Amid increasing focus on a slowing economy and high oil prices, airlines aren't faring any better in their bid to win our sympathy. But it's unlikely they'll get any sympathy as long as they keep up the poor service and continue charging us for water, checked bags, friendly smiles, etc… Don't get us started! Many US airlines are scrambling to cut losses and save jobs. (Honestly, who ever heard of a strategy seeking to punish its customers with poorer service and higher costs as a long-term business solution?)
Troubles in autos and airlines industries are easy for Americans to identify with, and as they're considered economic bellwethers, developments (or lack of developments) often make for big headlines. After all, industry bankruptcies, job losses, and plant closures are tough to digest, especially for those directly impacted. But the truth is they aren't large enough to have a significant long-term impact on the stock market or the economy.

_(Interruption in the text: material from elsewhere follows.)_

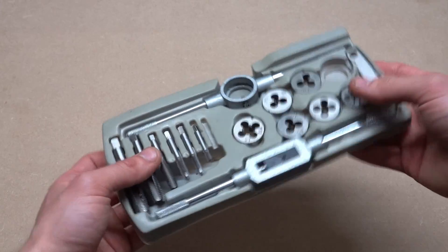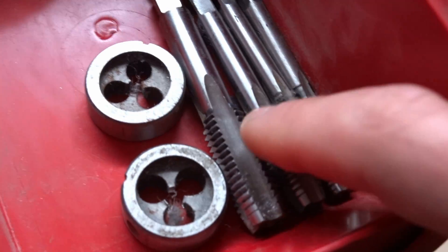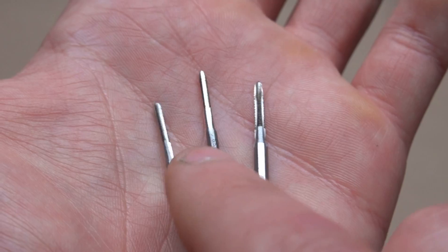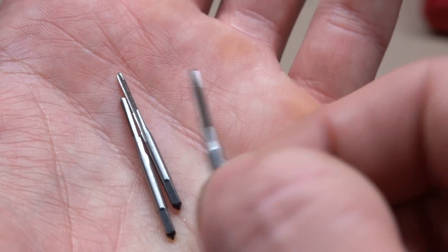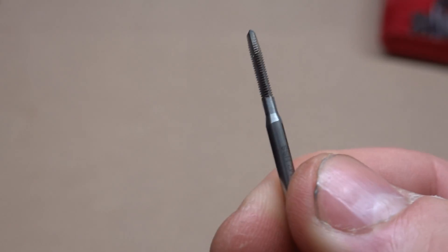Did you ever wonder why tap and die sets come in these plastic trays, just all rubbing against each other? Well, without one, this is what happens. Of course, the responsible thing to do would be to chuck them in a bag and drown them, but I can't do that. They're just too cute. I think we need to use one in the project.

Let's start with airlines. Most, if not all, airlines are small-cap stocks and the broader market is overwhelmingly larger. Next to a company like Exxon Mobil ($400 billion-plus market cap), airlines like Southwest ($12 billion), Continental ($1.6 billion), and British Airways ($3 billion) seem like teensy insects. Delta and Northwest recently received unconditional clearance from the EU to join forces and create what could be the world's largest airline. But even the combined revenues of such a venture, projected to be roughly $32 billion, only amount to 0.23% of a $14 trillion dollar US economy and 0.06% of the global economy.
Looking at auto stocks, there's a slight bump up in market cap from the airlines, but not much... Ford's market cap is a measly $11 billion—virtually in small cap territory and far below the weighted average market cap of global stocks at $68 billion. Were Ford's stock to disappear completely overnight, it would barely dent global market cap. Super-cap companies can gain or lose that much value in a single day's trading.
These are two bloated and highly inefficient industries, burdened by huge long-term liabilities, labor problems, and subject to much regulatory risk. Heck, automakers have struggled for years now and it's difficult to find any point in recent history where airlines were profitable as an industry, yet there's been no meaningful correlation throughout history between their fate and overall market direction or economic health. Woes in the automotive industry won't drive stocks or the economy off a cliff, nor will the current turbulence in the airline industry. Given the numbers, those arguments just don't fly.
Much of successful investing is about debunking commonly held myths to understand what really matters. That autos and airlines are major drivers of the US economy is a long-held bias—so long that most folks fail to even question it. Just think, if autos and airlines aren't nearly as worrisome as widely thought, what other common beliefs might be worth questioning?